2.4. Tali considerazioni vanno estese anche alle censure riflettenti l’appropriazione indebita del lavoro altrui, mentre quelle riguardanti l’utilizzazione di sostanze nocive nella produzione delle statuine non possono trovare ingresso in questa sede, avendo ad oggetto una questione che implica una indagine di fatto, non trattata nella sentenza impugnata, e non essendo stato indicato in quale fase ed in quale atto del giudizio tale questione sia stata sollevata (cfr.
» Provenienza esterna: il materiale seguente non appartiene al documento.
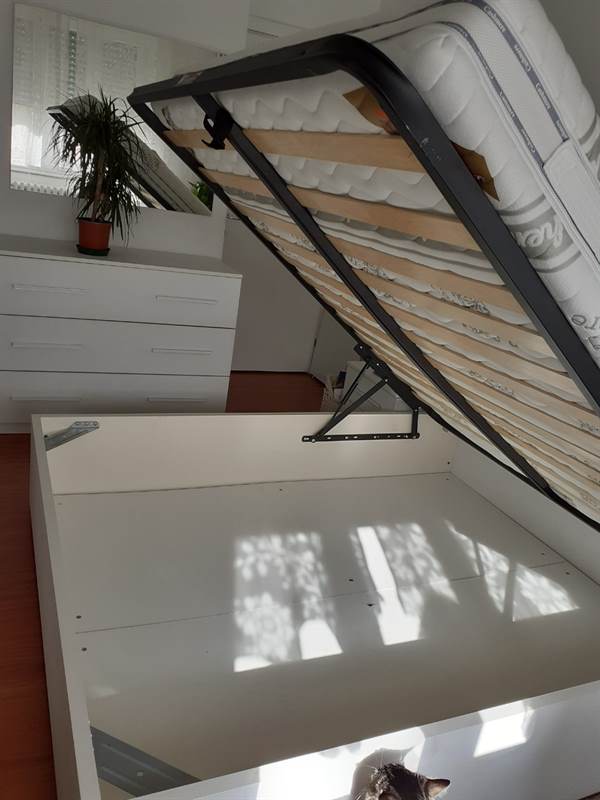 Foto 2Letto matrimoniale con il materasso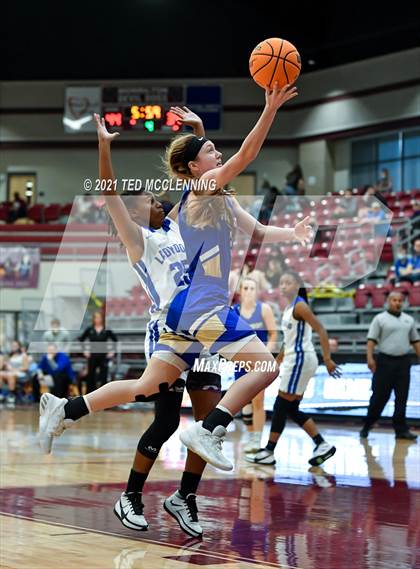 Thumbnail 2 in Star City vs. Harrison (AAA 4A State Round Two) photogallery.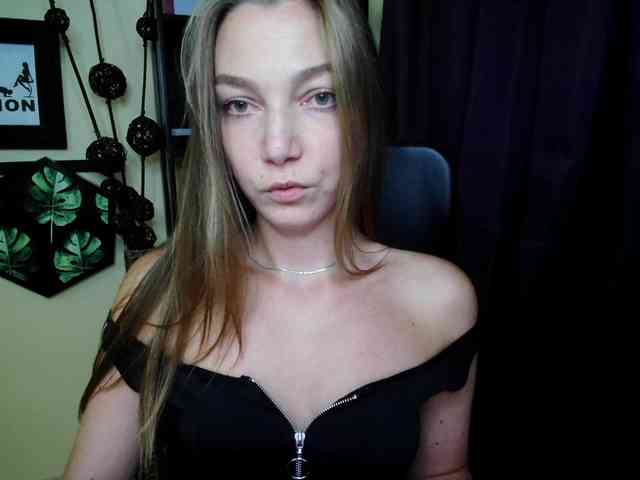 EmillyExtasy webcam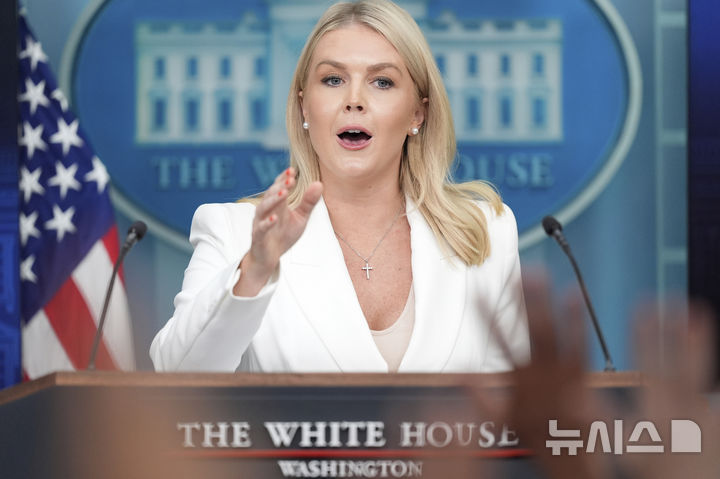 [워싱턴=AP/뉴시스]캐롤라인 레빗 백악관 대변인이 26일(현지 시간) 정례브리핑에서 취재진 질문을 듣고 있다. 2025.06.27.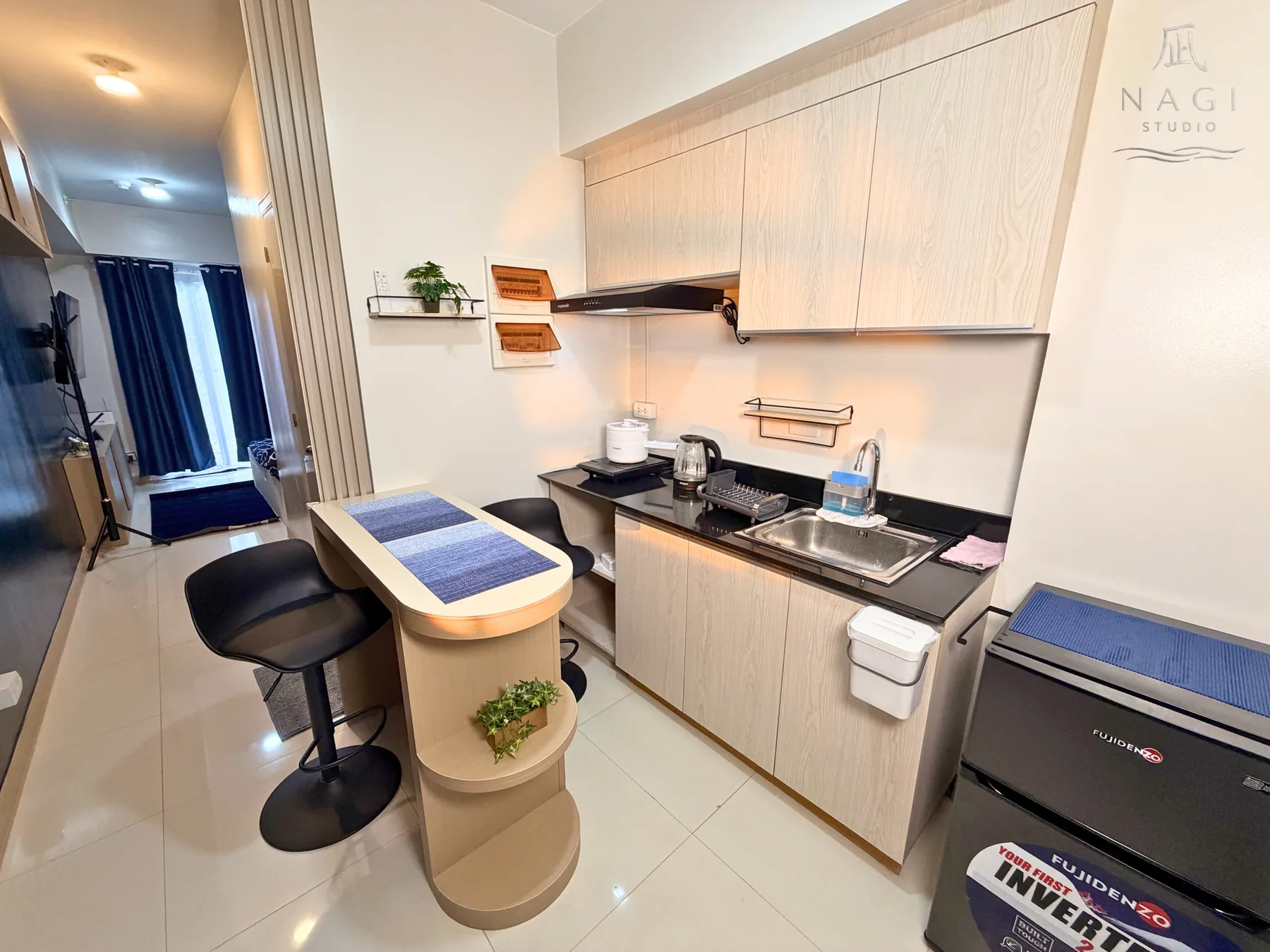 NaGi Studio kitchen and dining area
Cass., Sez. 3, 11/04/2016, n. 7048; Cass., Sez. 3, 18/10/2013, n. 23675; Cass., Sez. lav., 28/07/2008, n. 20518).

3. Con il terzo motivo, la ricorrente lamenta, ai sensi dell’articolo 360 c.p.c., comma 1, n. 5, l’omesso esame delle domande di risarcimento dei danni ed indennizzo per l’ingiustificato arricchimento, osservando che, nel ritenere assorbite le relative questioni, la sentenza impugnata non ha tenuto conto del grave danno subito da essa ricorrente per effetto dello sviamento della clientela, non commisurabile alla mera riduzione del fatturato, astrattamente riconducibile anche ad altri fattori, ma quantificabile in base alle spese sostenute per far fronte all’attivita’ illecita della convenuta ed al pregiudizio arrecato alla sua reputazione dalla presenza sul mercato di prodotti non originali.